Every entry that follows must be written out exactly, apart from its pictures.

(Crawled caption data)
════════════════
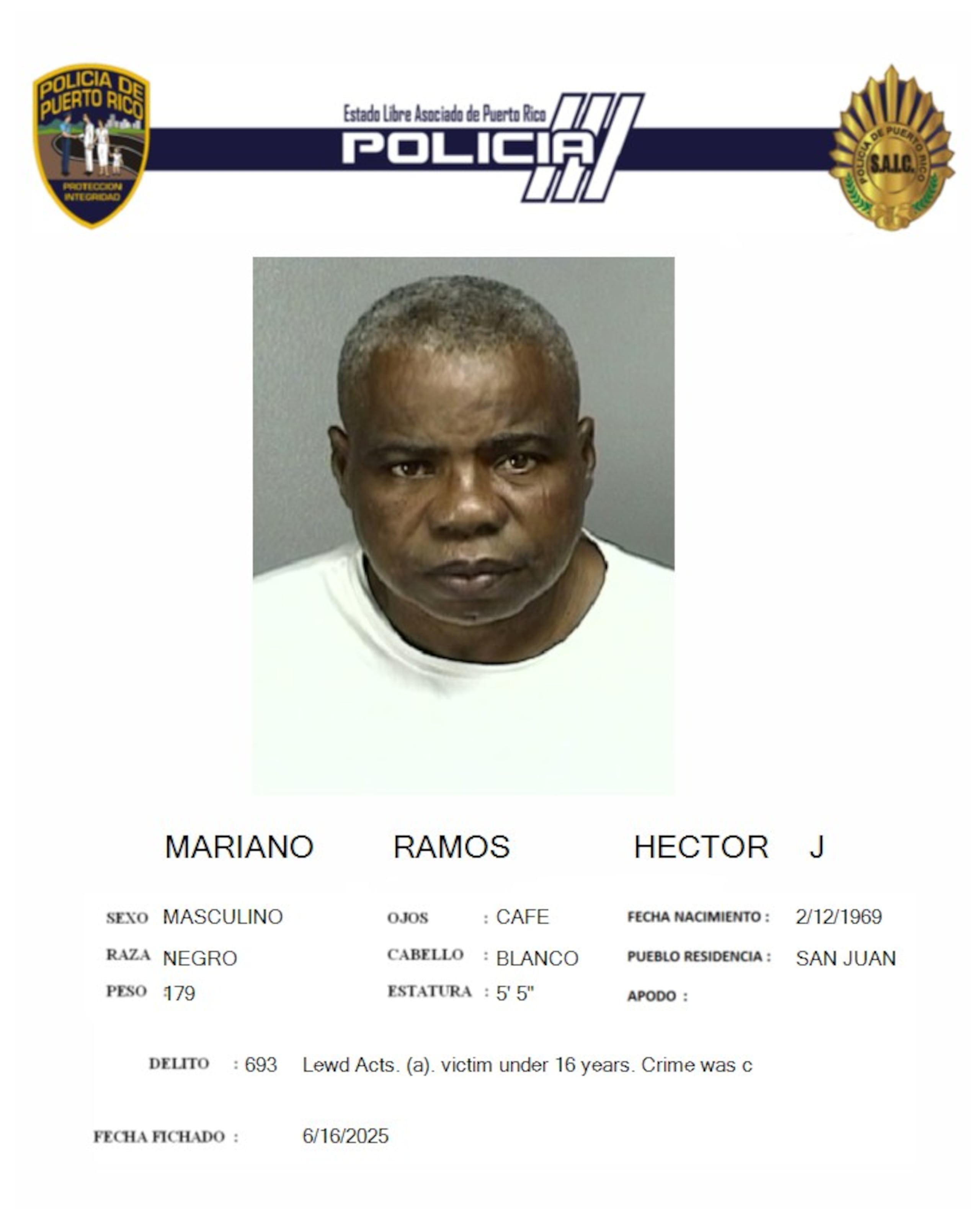 Ficha policíaca del imputado, Héctor Julio Mariano Ramos.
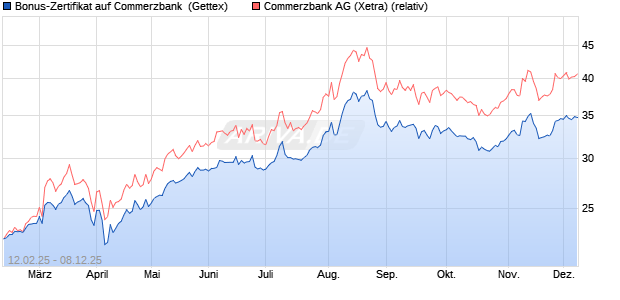Bonus-Zertifikat auf Commerzbank [Goldman Sachs . (WKN: GV0Y7D) Chart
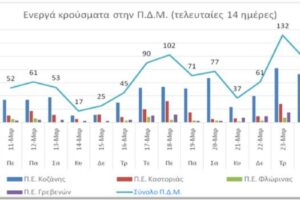 Ο αριθμός των ενεργών κρουσμάτων στην ΠΔΜ από 11 ως 24/3/2021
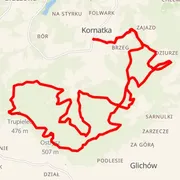 Course map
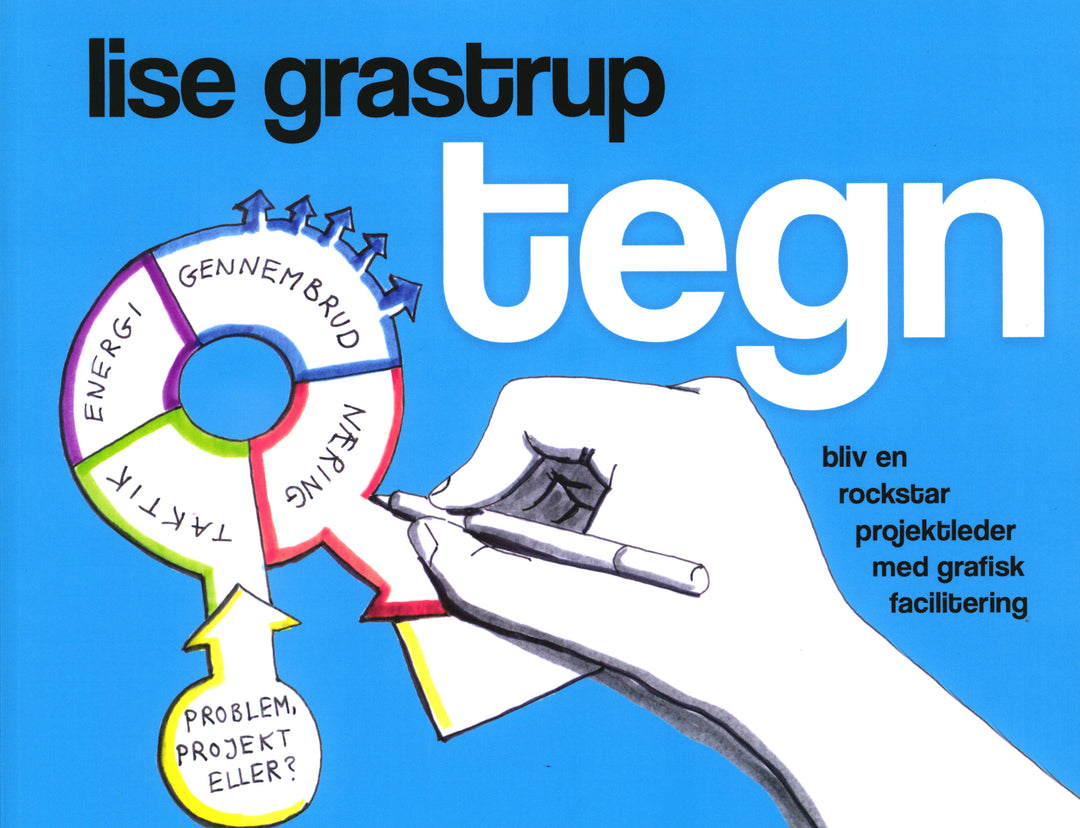 TEGN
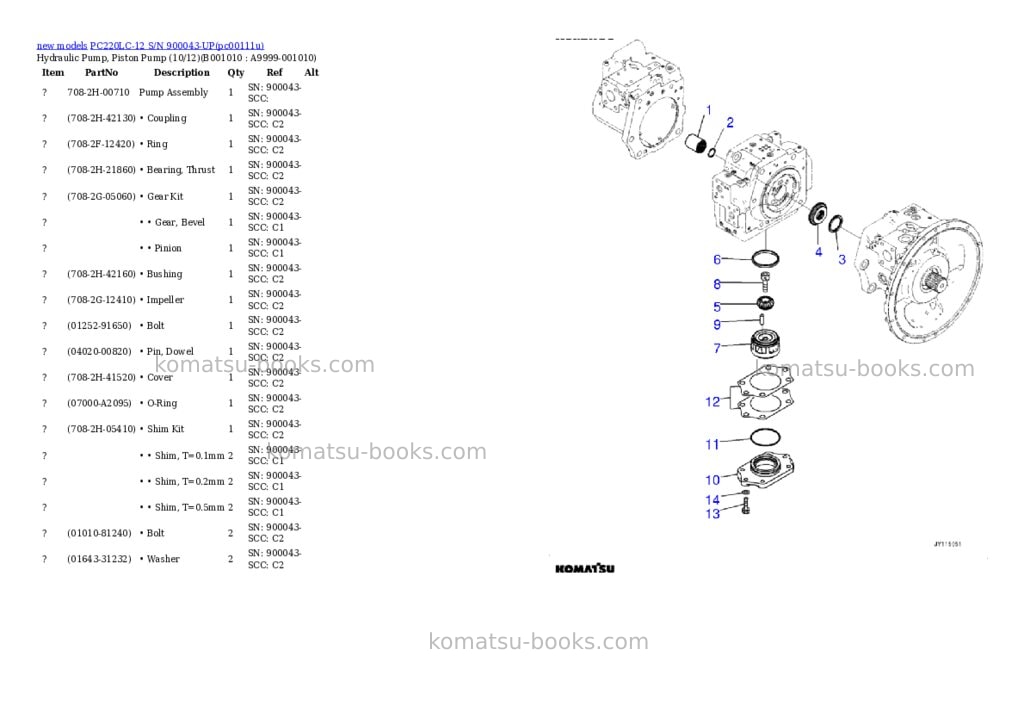 Komatsu PC220LC-12 S/N 900043-UP Parts catalog cover Page 10 Komatsu PC220LC-12 S/N 900043-UP Parts catalog cover Page 10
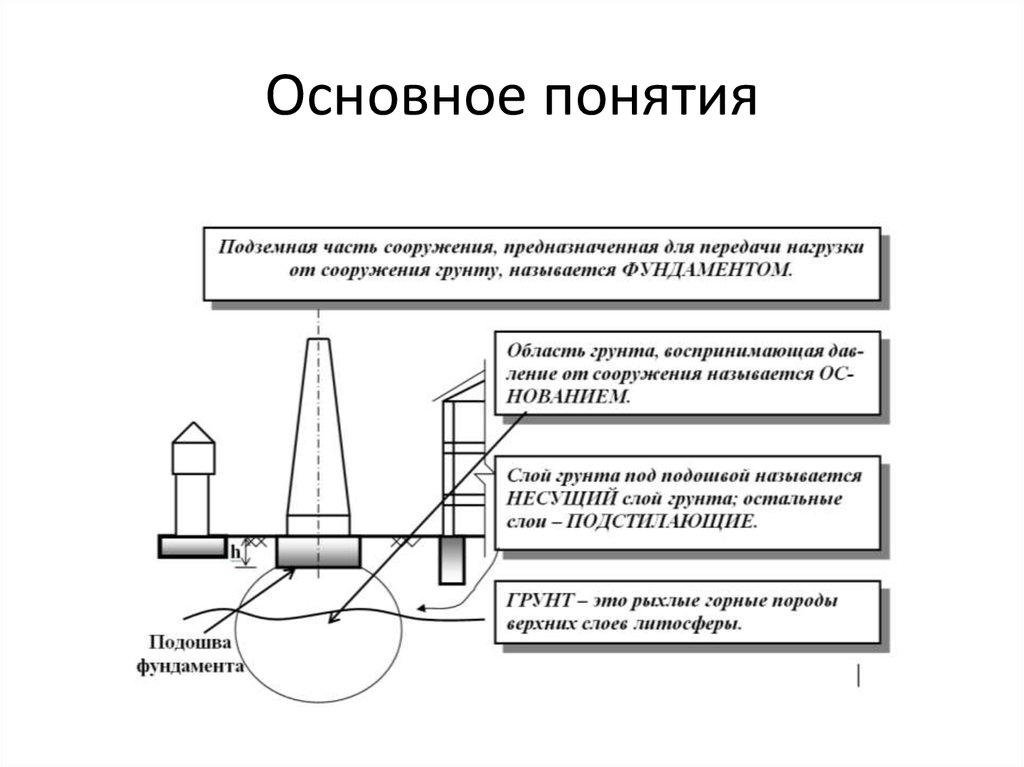 Передача усилий. Основные понятия фундамента. Фундамент в архитектуре. Что называется высотой фундамента. Понятие оснований и основного центра.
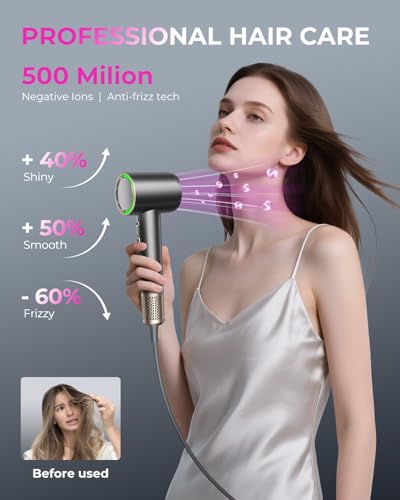 SHRATE Professional High Speed Ionic Hair Dryer | Ultra-Fast Drying | 500 Million Negative Ions | Low Noise | 160000 RPM |...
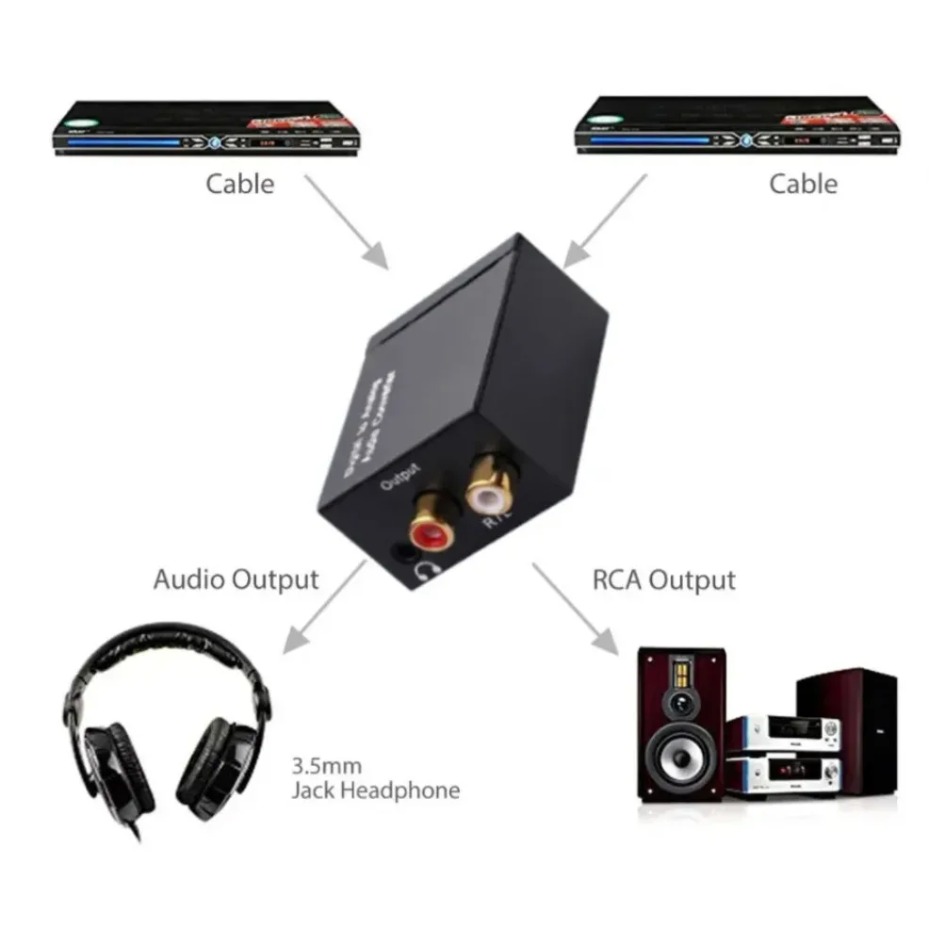 Digital to Analog Audio Conver - Gaming Console Ayaneo reseña y precio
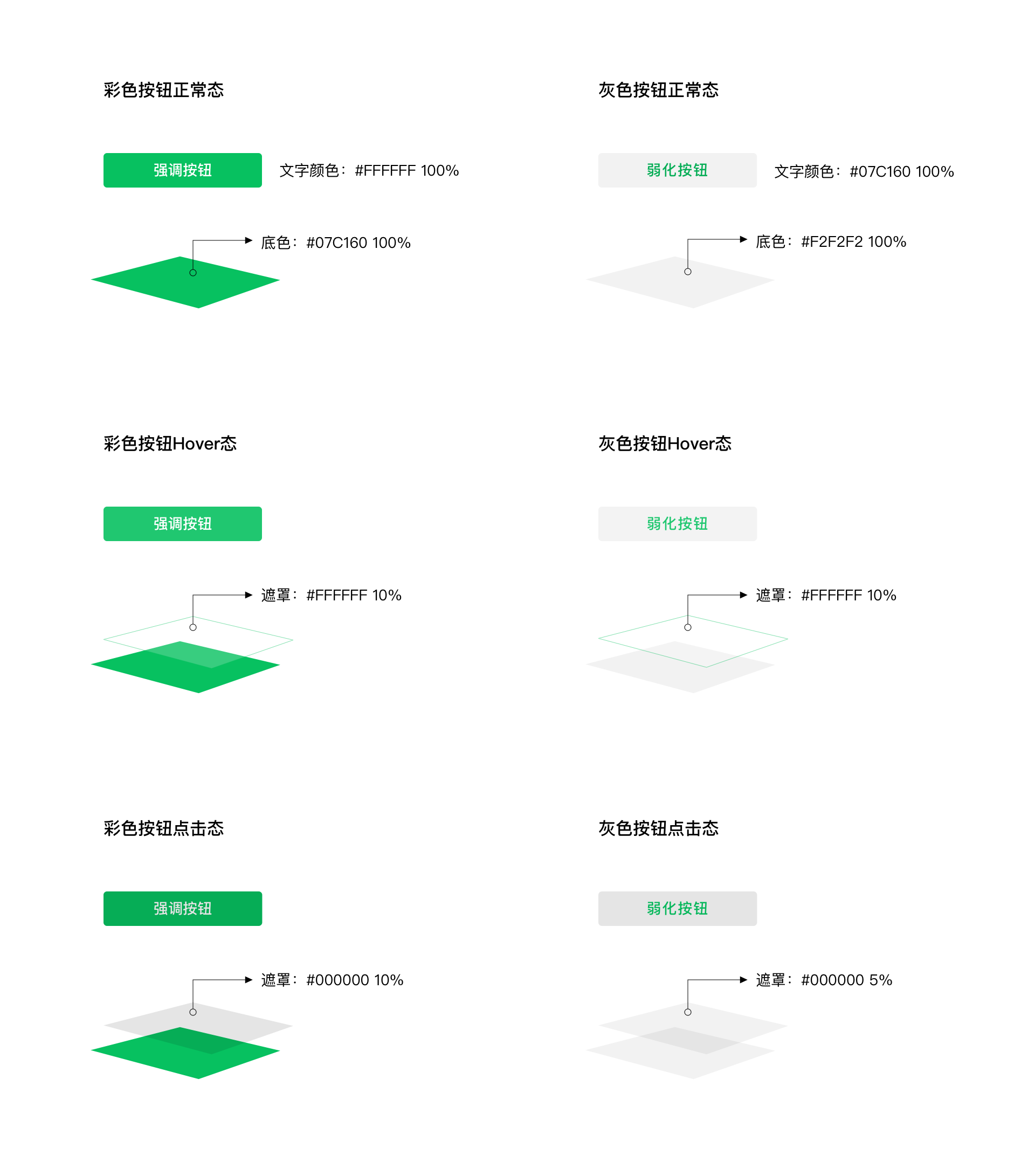 微信小程序設計指南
════════════════
SOLUTION FOR THIS TASK:
 Ficha policíaca del imputado, Héctor Julio Mariano Ramos.
Bonus-Zertifikat auf Commerzbank [Goldman Sachs . (WKN: GV0Y7D) Chart
 Ο αριθμός των ενεργών κρουσμάτων στην ΠΔΜ από 11 ως 24/3/2021
 Course map
 TEGN
 Komatsu PC220LC-12 S/N 900043-UP Parts catalog cover Page 10 Komatsu PC220LC-12 S/N 900043-UP Parts catalog cover Page 10
 Передача усилий. Основные понятия фундамента. Фундамент в архитектуре. Что называется высотой фундамента. Понятие оснований и основного центра.
 SHRATE Professional High Speed Ionic Hair Dryer | Ultra-Fast Drying | 500 Million Negative Ions | Low Noise | 160000 RPM |...
 Digital to Analog Audio Conver - Gaming Console Ayaneo reseña y precio
 微信小程序設計指南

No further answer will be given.